(Closed) Being handed an unsealed, unaddressed invitation…what would you think?

posted 7 years ago in Etiquette
  • poll: Would you be upset?
    Yep. I'd feel like an afterthought. : (15 votes)
    15 %
    Guess I'm on the 'B' list. : (23 votes)
    23 %
    Just RSVP as if it was mailed to you. : (30 votes)
    31 %
    It's OK. It happens! : (30 votes)
    31 %
  • Post # 3
    Member
    762 posts
    Busy bee
    • Wedding: July 2010

    We did it with close friends who we see several times a week. Also planning to do it with 2 guests whose invites never got there. I personally think they lost them but both guests live in the same zip code… My FIL s wanted to add some coworkers, took forever to get the addresses, then lost them! I said well, just give them to them at work. I have other things to do at this point; our wedding is 6 wks. away!

    Post # 4
    Member
    581 posts
    Busy bee

    Kinda tacky.  How hard is it to put their name on the outside envelope?

    Post # 5
    Member
    13102 posts
    Honey Beekeeper
    • Wedding: July 2010

    Personally – I don’t think that’s very appropriate for a wedding invite.  If you really feel like you have to hand-deliver them (although I’m in the camp that thinks wedding invites should actually go through the mail) they NEED to be sealed and addressed.  Besides, how do they know exactly what individuals are invited if it’s addressed to no one?

    Post # 7
    Member
    5978 posts
    Bee Keeper

    I did this to someone I worked with. He started with us after we had sent our initial invitations out. He fit right into our group and was tons of fun, so I handed him an invitation about 2 weeks prior to the wedding. I just explained that we had become close after I had sent my invites out (8 weeks prior to the wedding) and I’d love for him and his girlfriend to come, but would totally understand if they didn’t feel comfortable. They ended up coming, catching the garter and bouquet, and now they’re getting married! So glad I did it :o)

    Post # 8
    Member
    1684 posts
    Bumble bee
    • Wedding: February 2010

    I would def. think I was B-list if I received an invite like that from a friend or a coworker.

    – BUT –

    If it’s a close friend or an immediate family member or someone like that who you see multiple times a week – I think having it sealed & addressed with a posted RSVP but still handing them the non stamped outer envelope is fine.

    Post # 9
    Member
    762 posts
    Busy bee
    • Wedding: July 2010

    Haha. I guess I’m tacky. Embarassed I think it also depends on your relationship to this person.

    Post # 11
    Member
    3162 posts
    Sugar bee
    • Wedding: July 2010

    HA 8 weeks? I’m not even going to get my invitations to begin the process of addressing them until 6 weeks before, probably won’t be able to mail them until 4 weeks. Whatever at 8 weeks out you aren’t B list because it’s not past her RSVP deadline or anything like that. Just RSVP and don’t get offended. You got invited to their wedding – be happy about it or, if you really find it tacky and you’re offended, don’t go.

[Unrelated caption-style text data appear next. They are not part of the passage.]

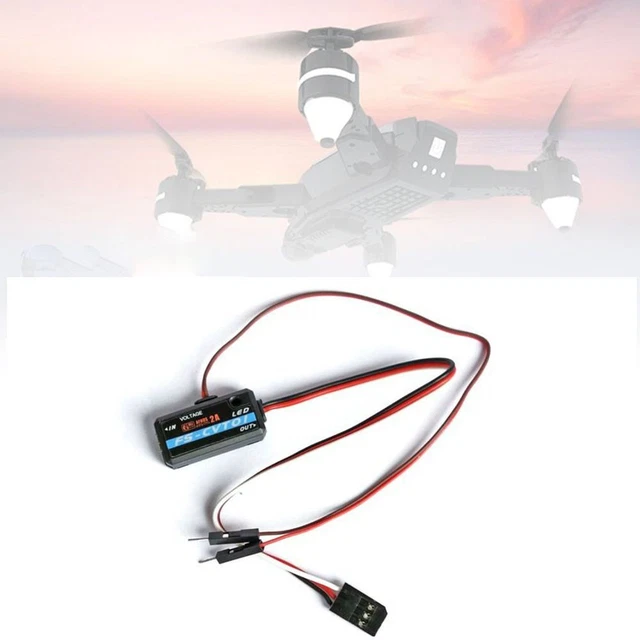 BLACK VOLTAGE SENSOR Telemetry Data Module for FLYSKY IA6B IA10 Radio ...
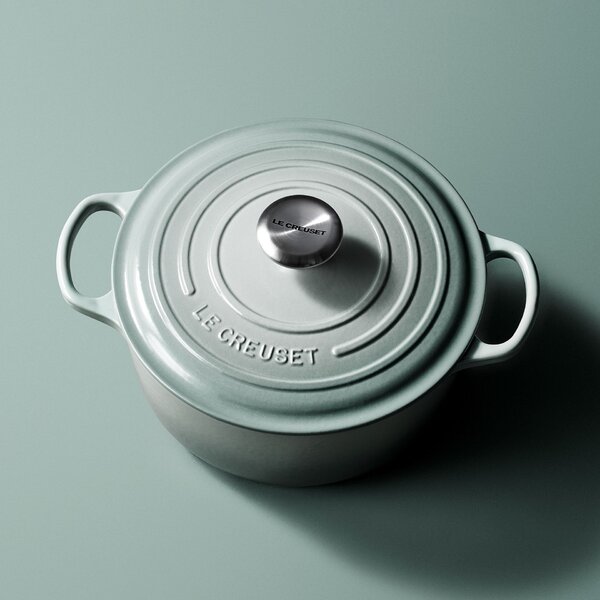 Le Creuset Signature Öntöttvas Lábas Ø 24cm 4,2L - Türkizkék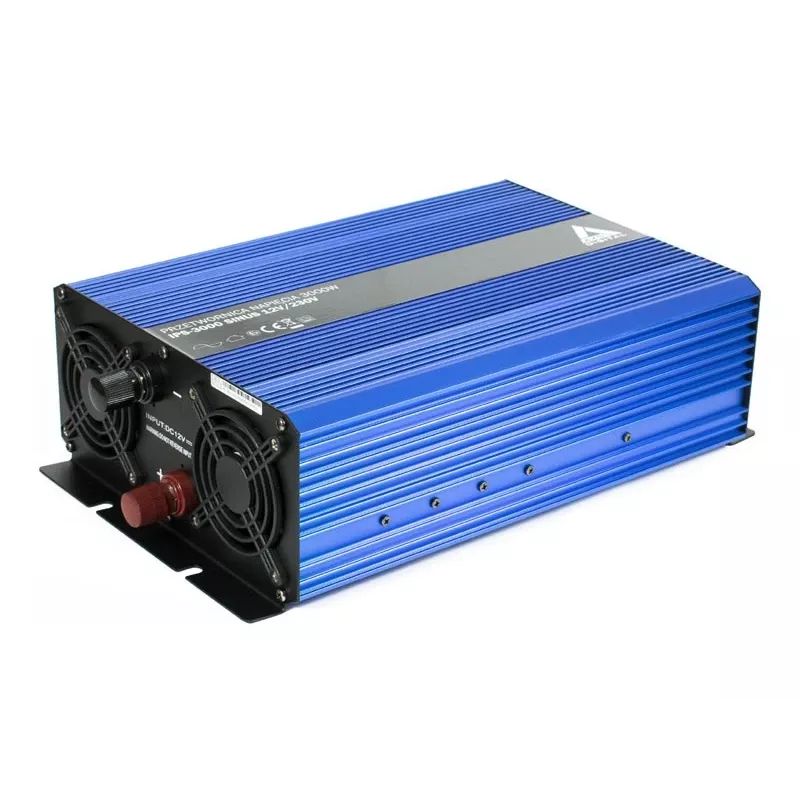 AZO Digital Inversor de onda senoidal pura 12 VDC / 230 VAC 3000W IPS-3000S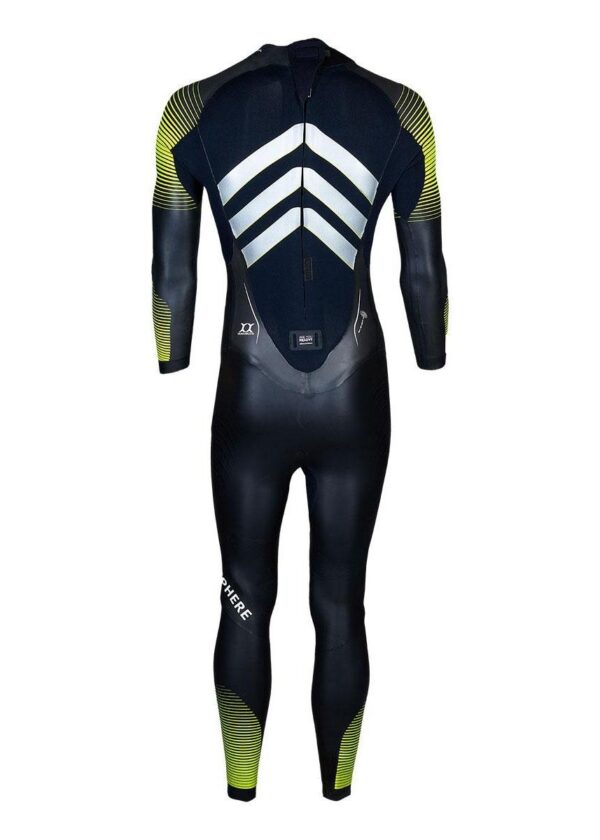 Aquasphere Men’s Exocet Ultra Wetsuit – Black / Lime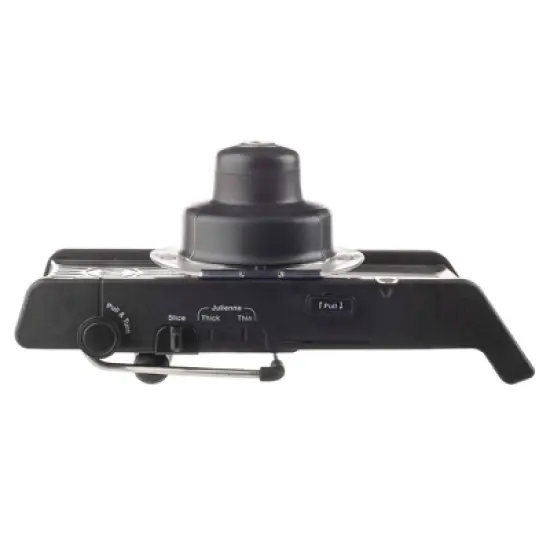 PL8 Professional Mandoline Black: Stainless Steel & ABS Vegetable Slicer, 4 Blades, Dishwasher-Safe image {2}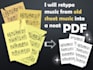 copy your song into PDF musescore sibelius midi musicxml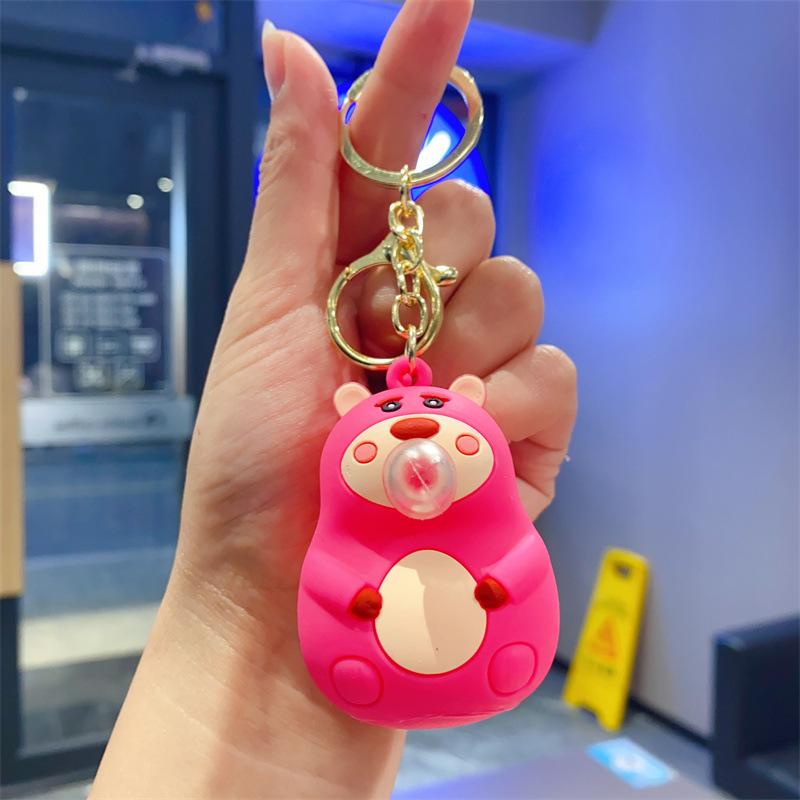 Creative Cartoon Kapibara Capybara Jun Keychain Doll Boys and Girls Cute Bag Pendant Small Gift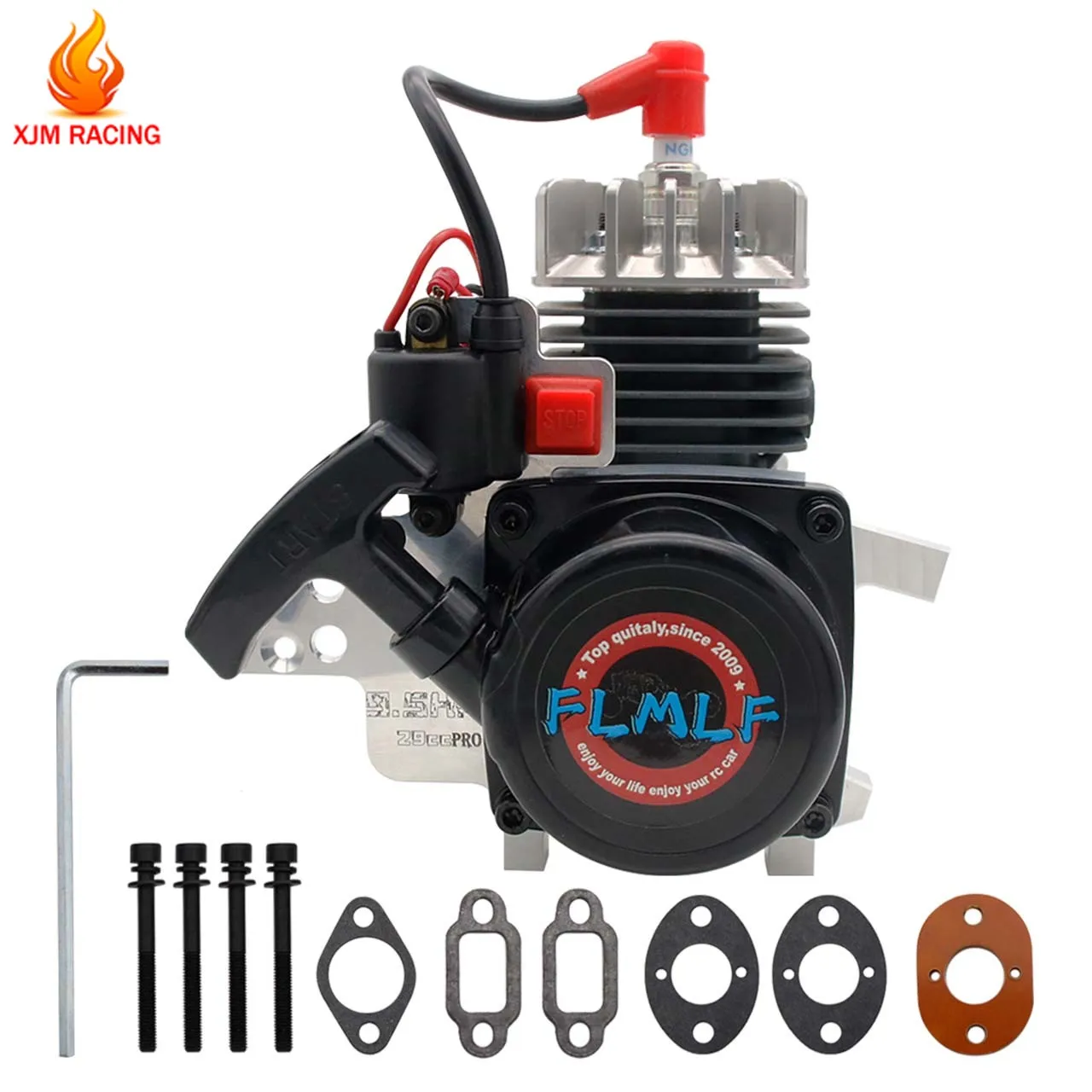 Rc Auto CNC 29CC 9.5HP of 32cc 11HP Reed Case 4 Bolt PRO Motor voor 1/5 HPI ROFUN ROVAN KM BAJA 5B 5T 5SC Losi 5ive T FG RedCat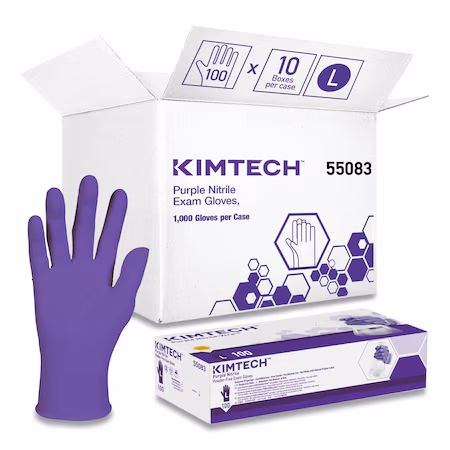 Guantes desechables de nitrilo morado L A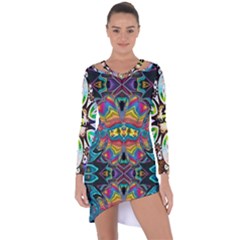 375 Chroma Digital Art Custom Kal00012 Asymmetric Cut-out Shift Dress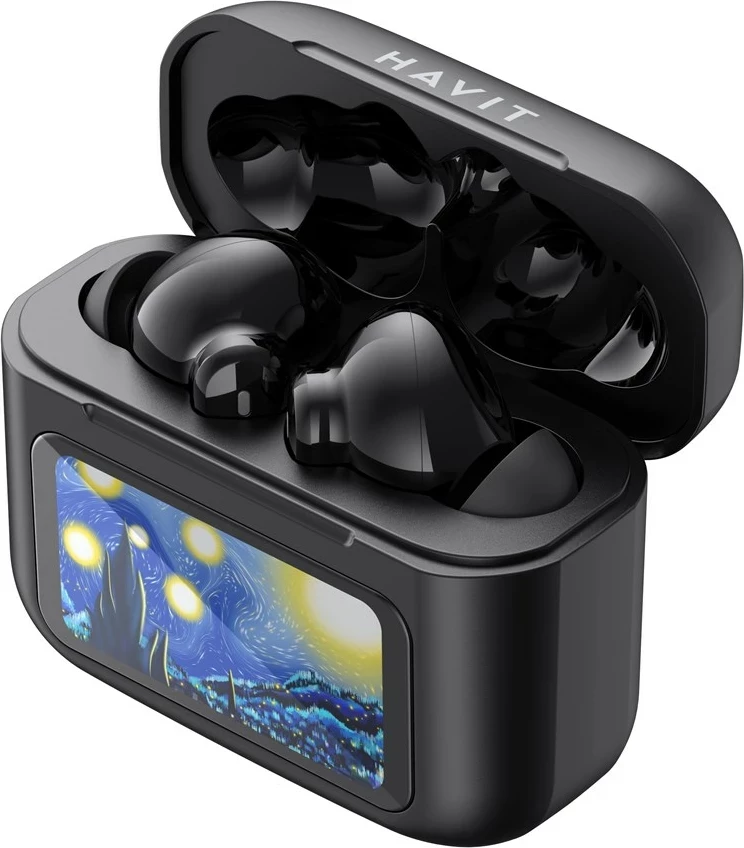 Brezžične slušalke za glasbo in klice HAVIT TW956, TWS, črne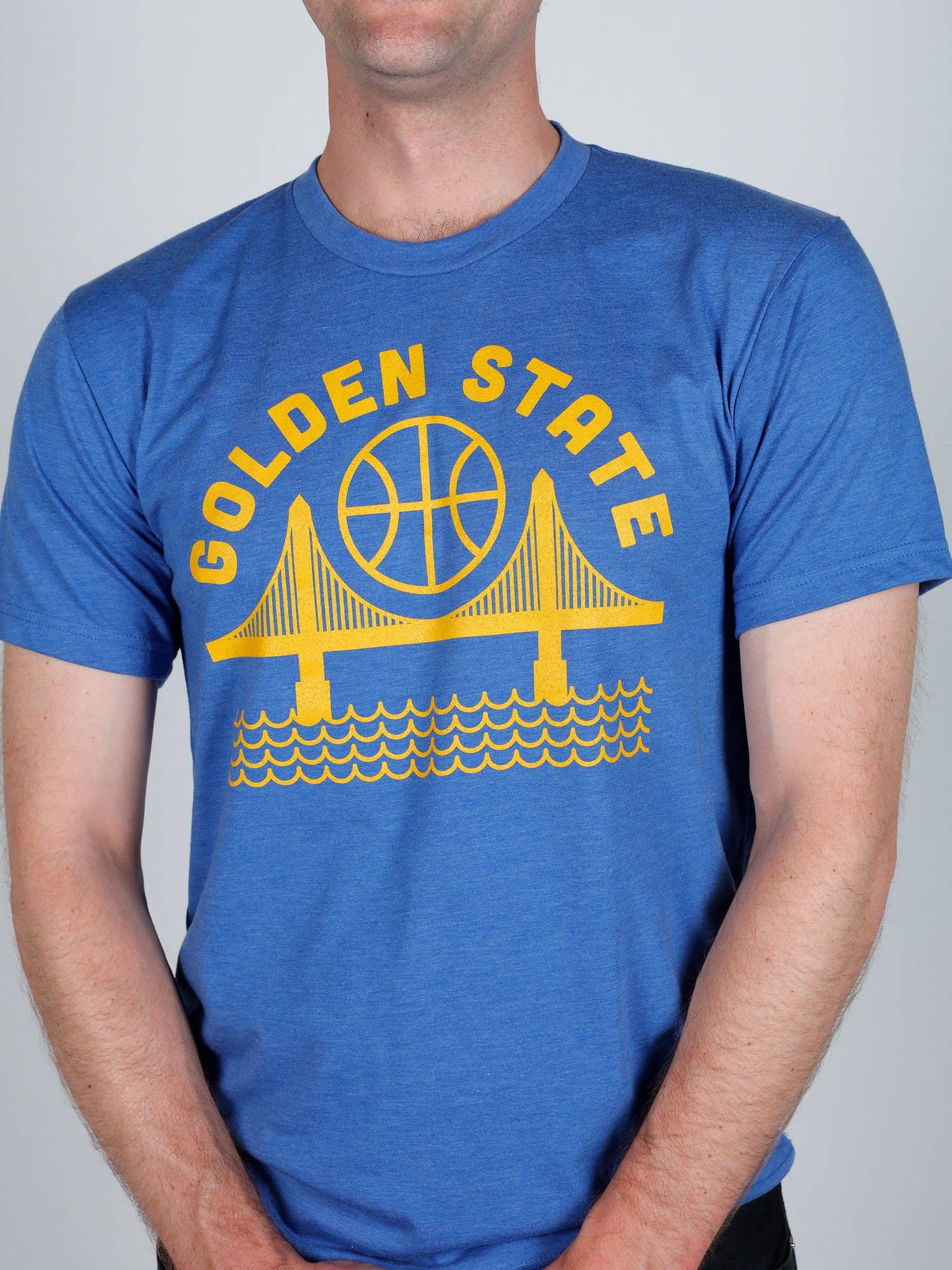 Culk - Wholesale Screen Printed T-Shirt - Unisex - Golden State Unisex Tee Blue3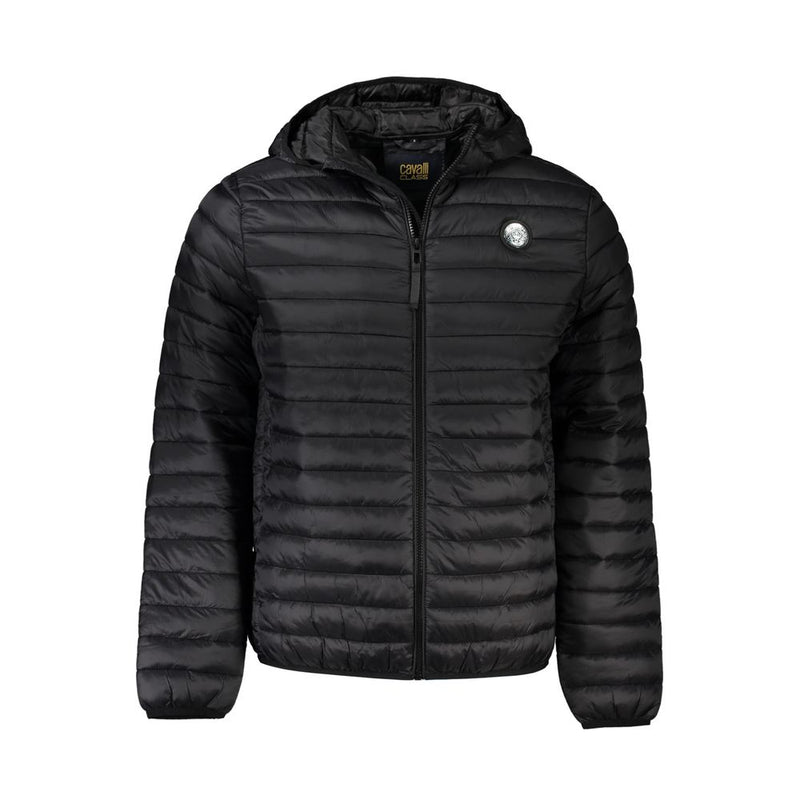 Black Polyamide Men's Jacket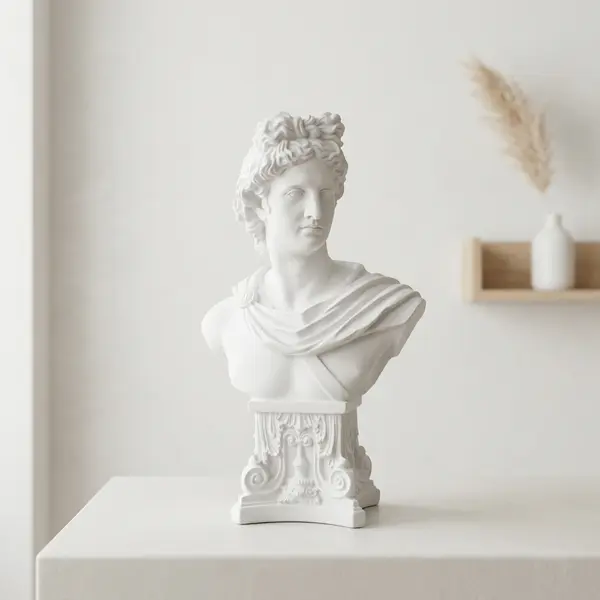 Escultura Apolo Clásico Marfil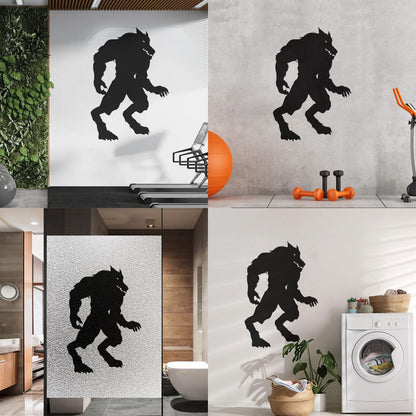 Wall Stickers Paster Paper Fantasy Big Beast Werewolf Aggressive Predator Easy Installation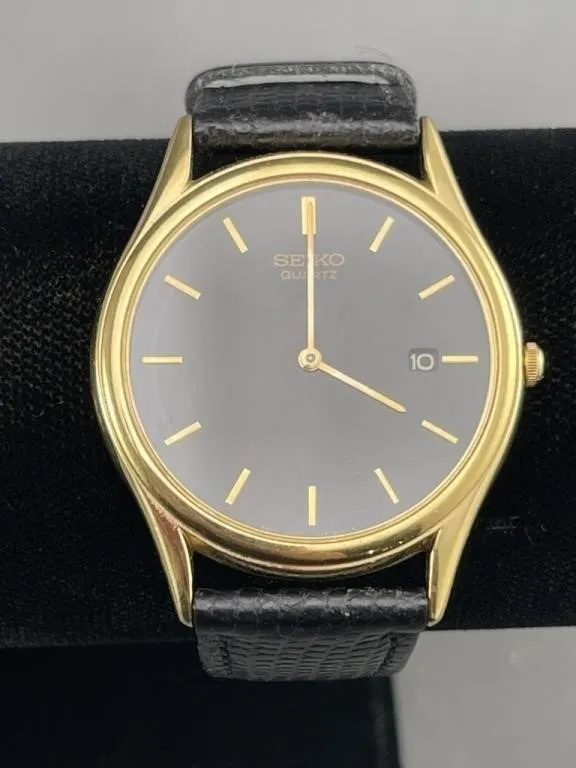 Vintage Seiko Quartz Time & Date Watch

    ETA: ahahaha just saw your update with more details. that would have been good to include in your original post. yeah now you are definitely B list. i wouldn’t even go if I were you.

    Post # 12
    Member
    435 posts
    Helper bee

    Isn’t it really proper to hand deliver all wedding invitations?  In some circles it’s considered declasse to mail invites:-)  Not any I am in by the way!!

    Post # 13
    Member
    2867 posts
    Sugar bee
    • Wedding: September 2010

    At the very least I’d expect it to be sealed with my name written on it.

    If it was someone I saw all the time I could understand them just handing it to me (rather than sending it) but why not put my name? It’s like the person inviting me wasn’t sure they were going to give me an invite or not and just decided at the last second.

    Post # 14
    Member
    1732 posts
    Bumble bee
    • Wedding: September 2010

    8 weeks is normal invite timeline, but I would still feel a little B-listy.  I like getting them in the mail, I guess.

    Post # 15
    Member
    683 posts
    Busy bee

    Honestly- I wouldn’t go- the whole vibe seems unorganized and unthoughtful on the part of the host due to the fact they haven’t given you ample time to make arrangements. I wouldn’t want to trap myself/spend the money on a destination wedding with poor planning.

    However I wouldn’t mind the whole B list thing with budget and space contraints that couples face with wedding planning.

    Post # 16
    Member
    1732 posts
    Bumble bee
    • Wedding: September 2010

    I just read your update about all other invites going out in March.  That is so not cool.

    I’d send a gift and be done with it.

    The topic ‘Being handed an unsealed, unaddressed invitation…what would you think?’ is closed to new replies.